No one really knows where the Tieflings came from originally. Nok’Ti’Goth legends claim they were not part of the God’s original design for the world, though most consider that propaganda created by the Nok’Ti’Goth in order to justify their racial hatred of the Tiefings. Still, their very appearance does suggest a devilish or demonic origin. However they arrived, they managed to sweep aside whatever government had existed before them and begin a 100 year reign of terror and oppression. Modern Tieflings claim that the heavy-handedness of Bael Turath, ruled from the city of the same name, was necessary to preserve civilization as Arkhosia crumbled. Even so, most people are wary of Tieflings, even in these supposedly more enlightened days.

Elandil and the Glittering Halls

Finally, the elves and dwarves set aside whatever difference they may have had prior to that and formed the Elf-Dwarf Alliance. Using the superior craftsmanship of the dwarves and the enchanting skills of the elves, they created items of magical power that have never been surpassed, before or since. An army of dwarves and elves, clad in magical armor and wielding powerful enchanted weapons was finally able to push back their tiefling oppressors. Under the leadership of the Dual Thrones, the world experienced a renaissance of art, culture and magic. Even today, many believe it to have been a golden age, the pinnacle of civilization. Many fantastical tales are told of this time, but it is often unclear which are fact and which are fantasy.

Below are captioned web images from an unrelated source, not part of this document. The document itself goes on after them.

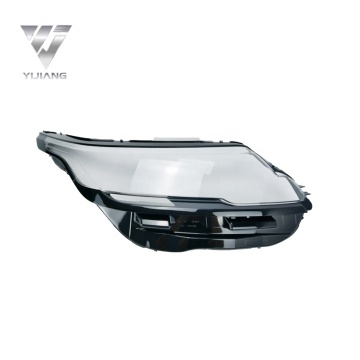 Yijiang OEM Land Rover Range Rover Feelight Mask &amp; Assembla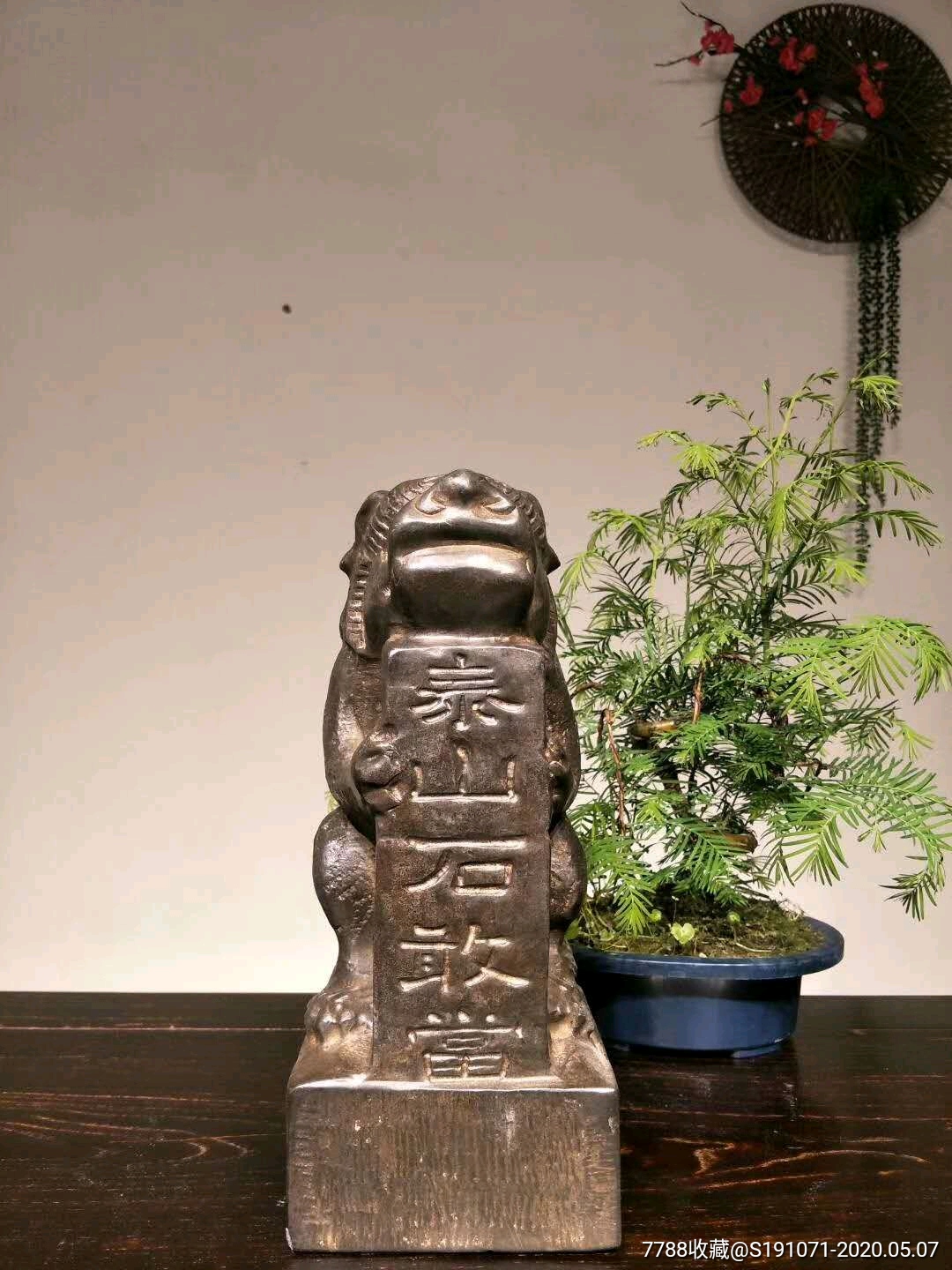 青石石雕泰山石敢当 高30cm长12cm -石狮/石雕塑-7788收藏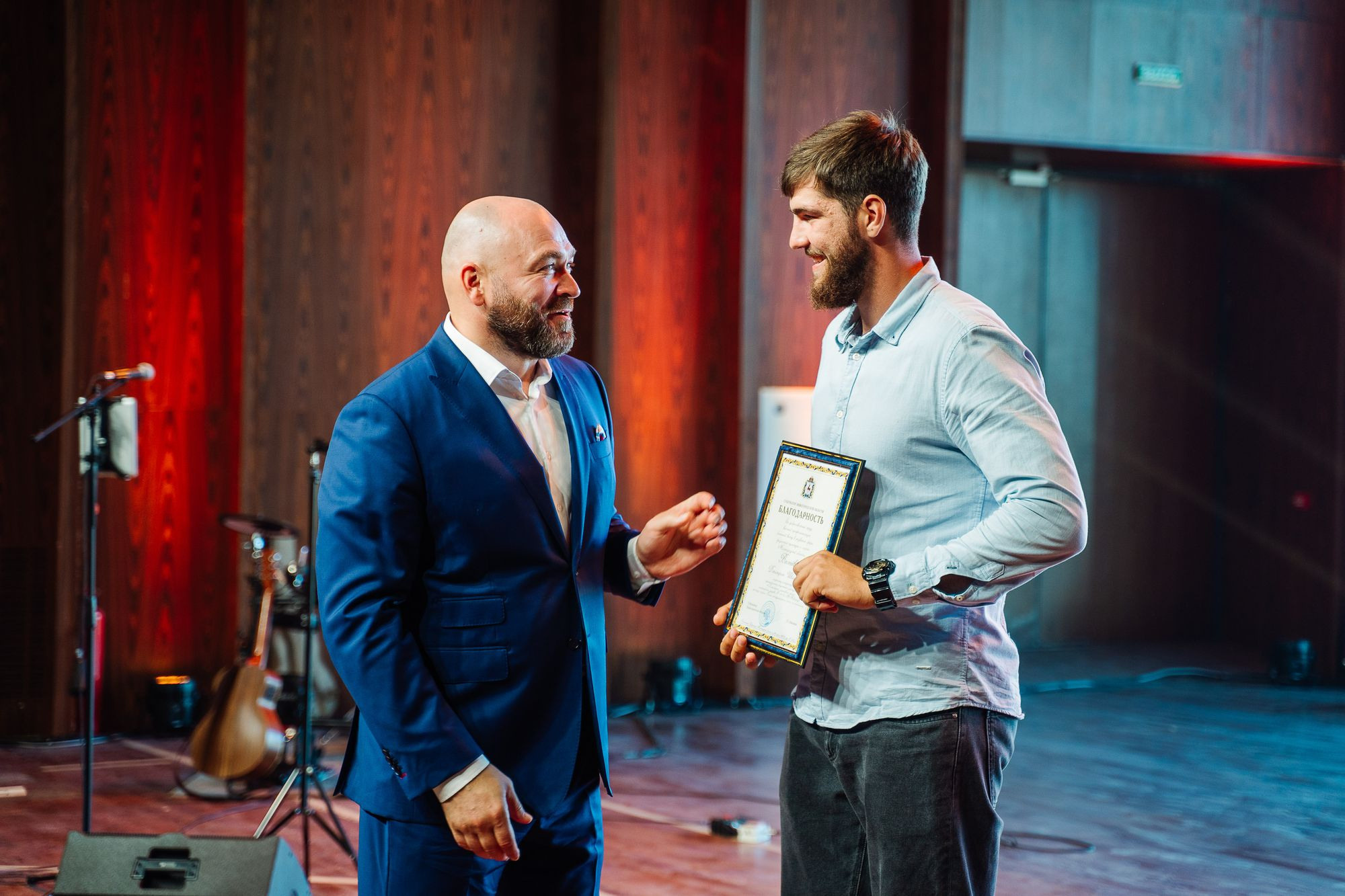 20220811 ГТО награждение и благодарности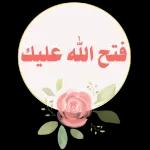 متعكم الله
بالصحة والعافية
Good morning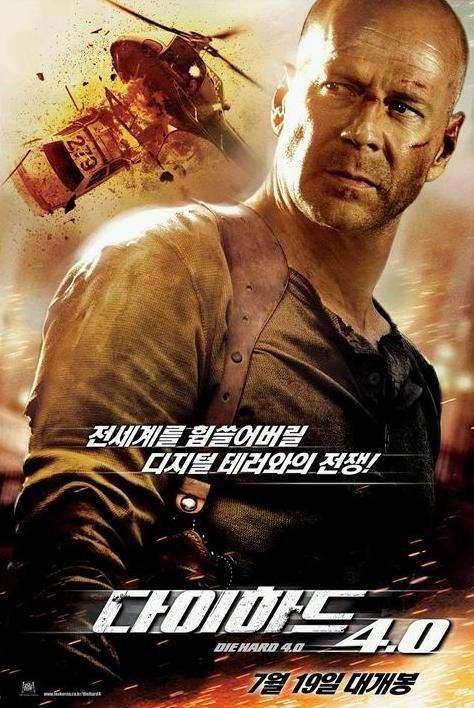 Die Hard 4.0 - Viver ou Morrer - Cartazes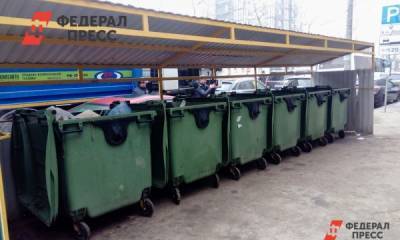 В Новосибирской области тариф на вывоз мусора изменят к осени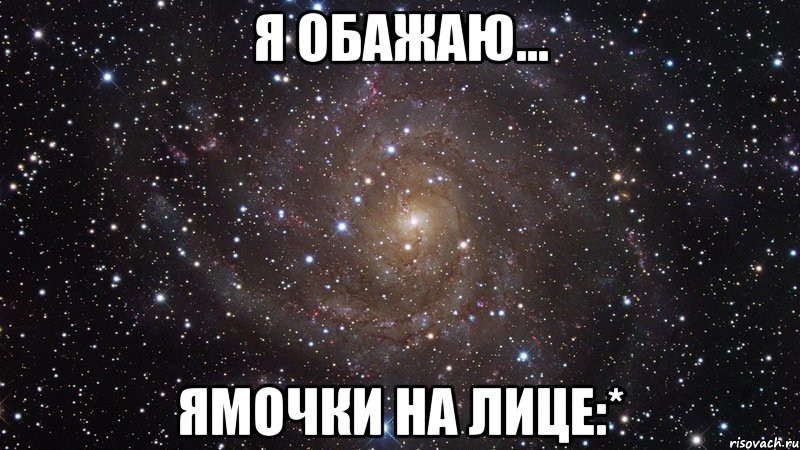 я обажаю... ямочки на лице:*, Мем  Космос (офигенно)
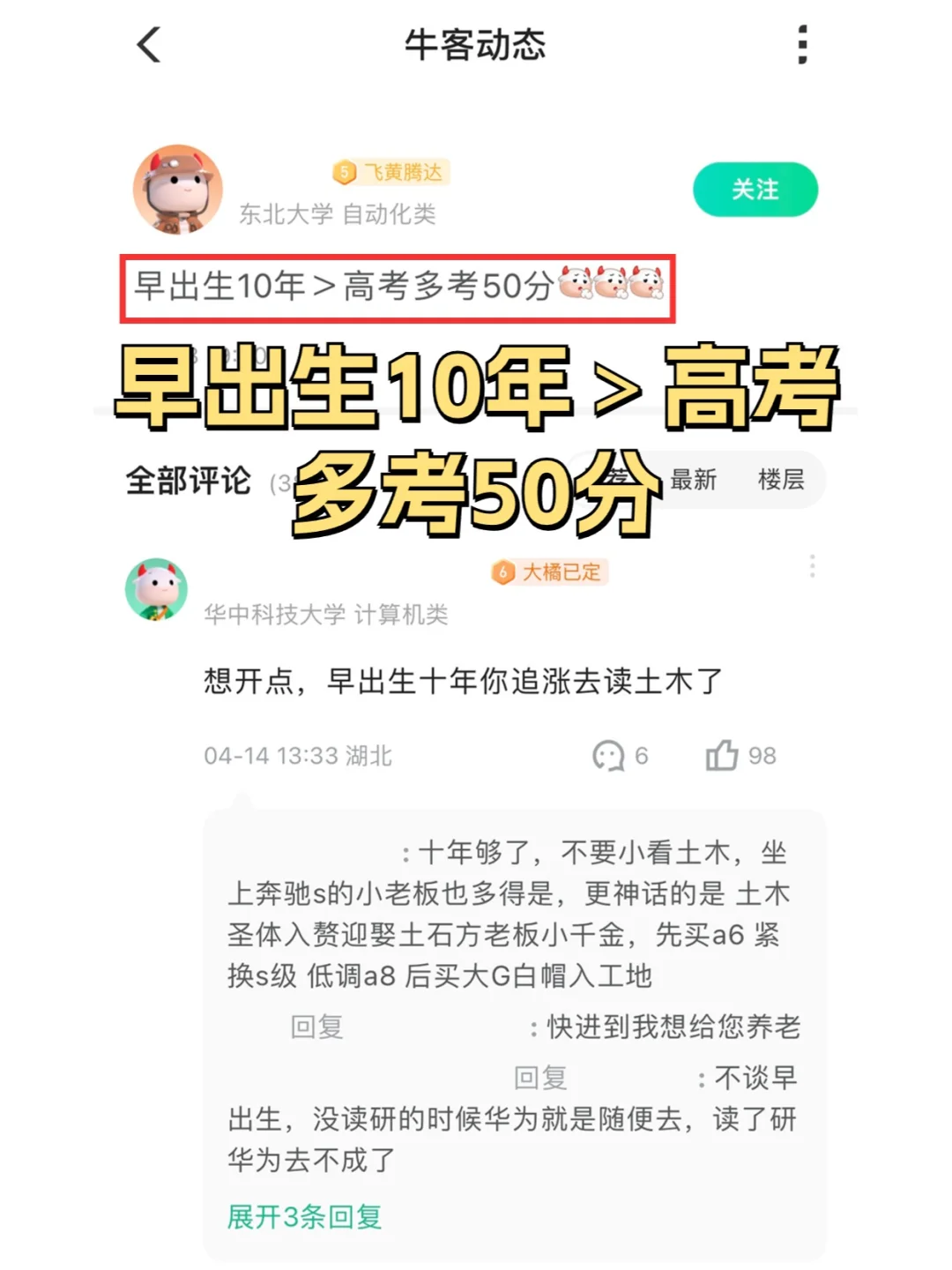 早出生10年＞高考多考50分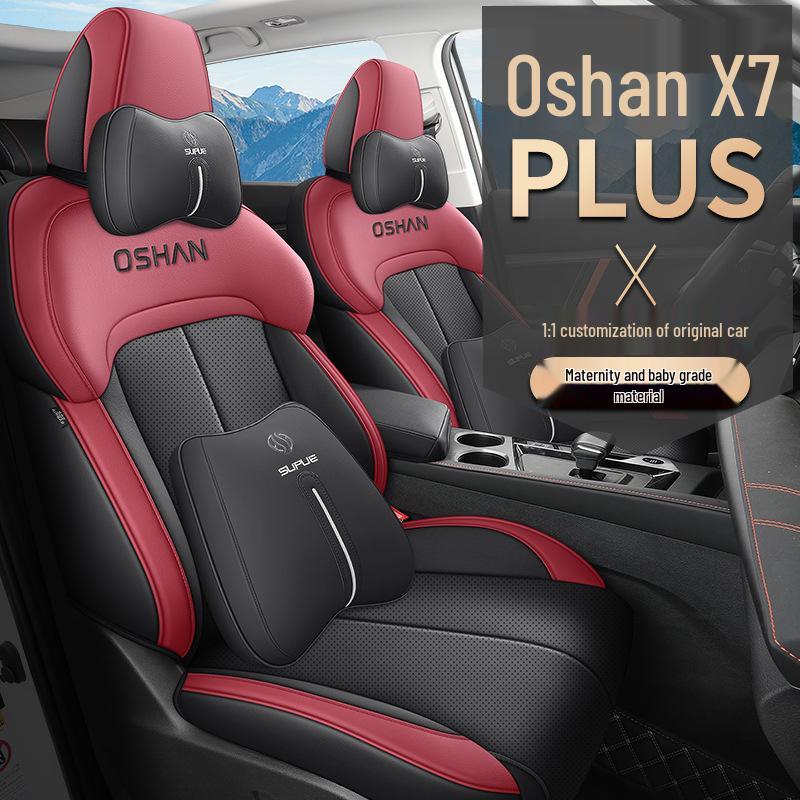 Кожаная подушка на автомобильное сиденье Oshan X7PLUS: Всесезонный, Спортивный стиль, для семиместных
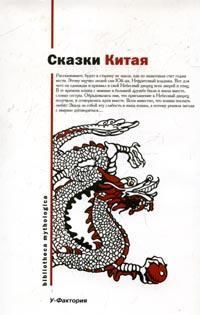 Пер. Рифтина - Китайские народные сказки - Читать 📖 Читать онлайн 👀 Читаемые книги читать онлайн бесплатно 🔥 booksread-online.com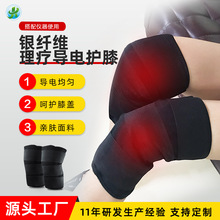 银纤维理疗护膝 养生馆导电加热按摩经络护膝护腿 厂家批发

This supposed golden age was short-lived, however, lasting only two to three hundred years, ended by the Great Betrayal. Both the elves and the dwarves claim the the other betrayed them first and scholars today are not even precisely sure what happened, save that the once allies turned on each other, bringing their titanic artifacts to bear on each other. As a result the world sank into a dark age from which it would not arise for a thousand years.

The Dark Times

After the Great Betrayal, the world sank into a period of darkness unlike anything it had experienced before. Education became the province of the nobility and the very wealthy and illiteracy, which had been almost unknown during the Elf-Dwarf Alliance became the norm. The City suffered less in some ways and more in others, than the rest of the world. Trade largely broke down and food and clothing had to be rationed. Many elves and nearly all the dwarves left The City and the Glittering Halls in search of better places to live. Those that remained eked out a living. The City changed hands frequently during the Dark Times, with some regimes lasting only a few years and others lasting decades. It was during this time that the city began to be known as simply “The City” among the general population. In spite of the hardships, education remained more available in The City than elsewhere and much of the knowledge from the golden age of the Alliance was preserved in its libraries and temples.